Q3 FY12 - Sequential improvement
On the back of strength shown from 2 wheeler segment, Exide was in a position to put up a sequential improvement in numbers. Total income increased by 6% qoq, while 19% yoy. At the EBITDA levels, there was an increase of 84% qoq and a 3% yoy. RM to sales came down significantly to 67.4% v/s 72.3% qoq while it was still up from 62.7% yoy. The reason for sequential dip was the exhaustion of high cost lead which impacted Q2 margins. EBITDA margins came in at 13.2% v/s 7.6% qoq and 15.2% yoy.PAT almost doubled to Rs1.04 mn on strong operational performance.
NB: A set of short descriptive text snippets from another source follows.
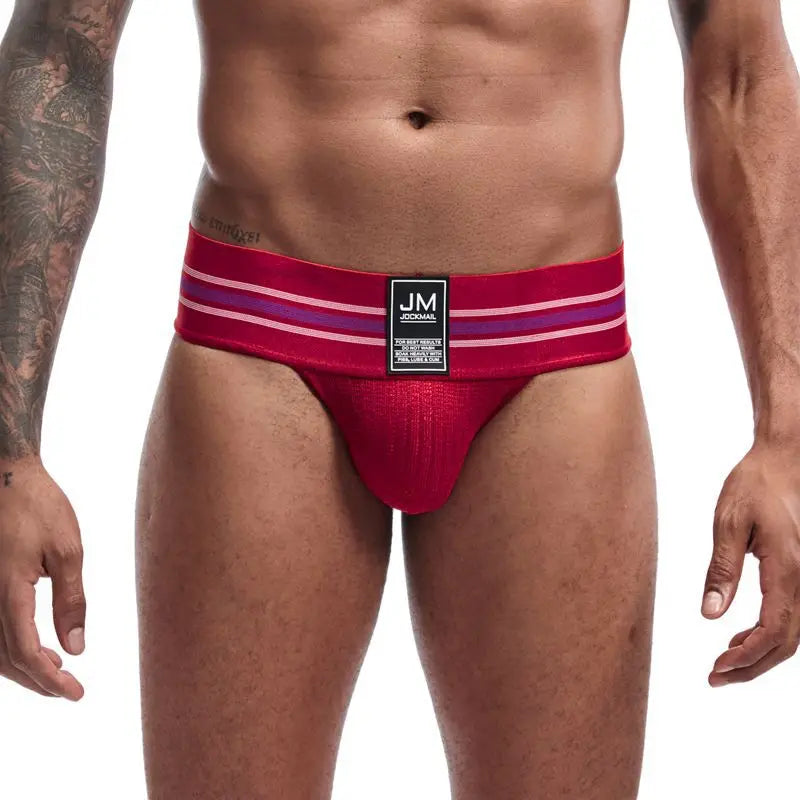 Men's JOCKMAIL JM364 - Old School Brief Red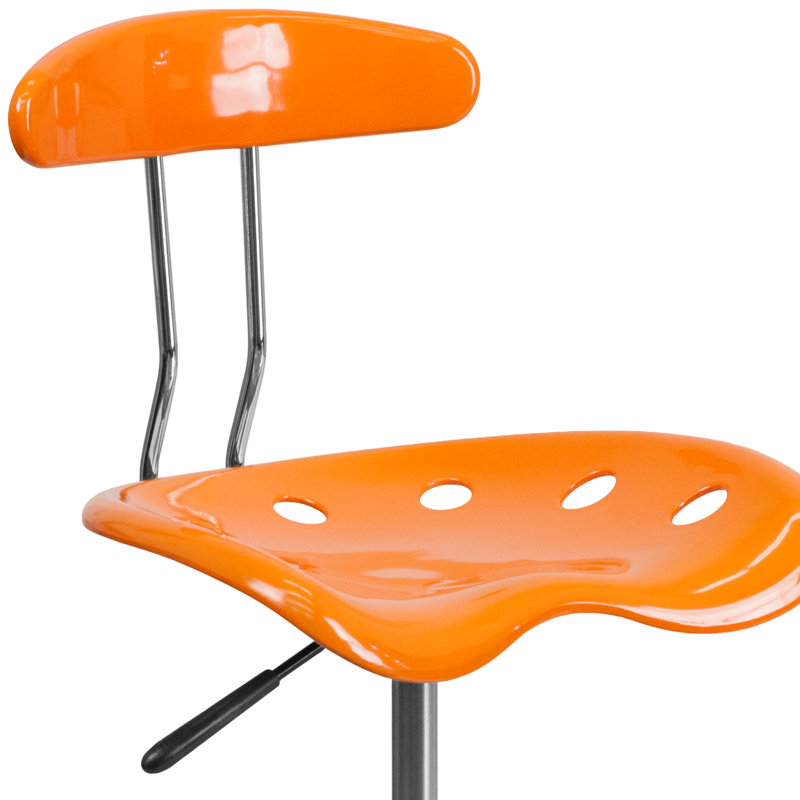 Vibrant Orange Chrome Swivel Task Chair with Tractor Seat, 20"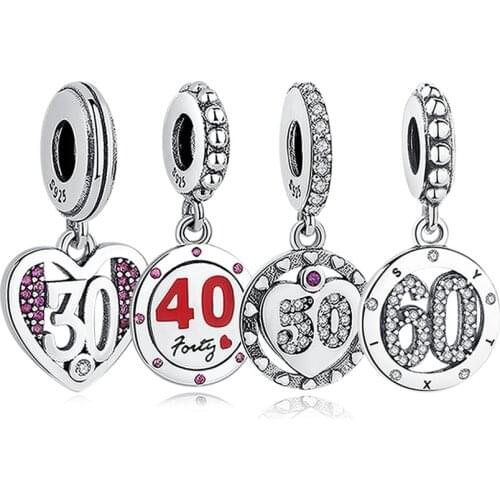 Years Old 30 40 50 60 Number Lucky Dangle Charm 925 Sterling Silver Beads Fit Original Charm Bracelet Pendant Jewelry Making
2W volumes strong, 4W subdued, industrial post a growth
The volume improvement in the quarter was on the back of strong 2W battery sales. The auto battery volumes grew 19% yoy and 3% qoq to 3.55mn while 4W volumes declined by 21% yoy, while grew by 6% qoq. On the industrial side, volume growth was 13% yoy and 3% qoq on harsh October summer and demand from telecom industry increasing. On the capacity side, the company is through with 4W capacity expansion at 12mn units, while is still in the process of increasing 2W capacity which is slated to move up to 21mn. The management is confident about 2W demand getting back on track quickly, while has pessimistic outlook on 4W demand. In Q3FY12, the company functioned at 82% utilization rate on the auto side while 81% on the industrial side, which was a sequential improvement of 72% and 62% respectively. The replacement: OEM ratio on the auto side was 1.24:1 which was an improvement qoq. Going forward, we believe that 2W demand on the OEM side will be slightly soft as the sector has seen some slowdown off late, while on the 4W side OEM demand, we believe softness will continue over a couple of quarters. On the replacement side, we believe that Q1 FY13 will see some turnaround emanating from the demand for automobiles 3 years ago, both on 2W as well as 4W.
Margin improvement may come in coming quarters
The improvement in margin performance was in line with our expectations as high cost lead was expected to get over this quarter. The composition of replacement in the total volumes also improved and is expected to improve even more from FY 13. This will assist margin performance.Softening of lead prices as seen in Q3 is expected to continue and help the margins going forward. We have already factored in about 400 bps improvement in margins in FY 13 to 15.7%.
Industrial segment to remain subdued
Going forward with improving power conditions,we see the demand for inverters going down from current levels in the long term. In Q3, inverter sales were up due to strong summer in October, while stronger winter in most parts of the country would be reducing the sales of inverters in Q4. We expect the contribution of inverter sales to reduce in the total topline from FY 13, though the company is planning to enter the inverter business. On the telecom side of the industrial batteries, winning of contract by rival Amara Raja for supplying batteries to Bharti’s Africa business may take some market share from Exide.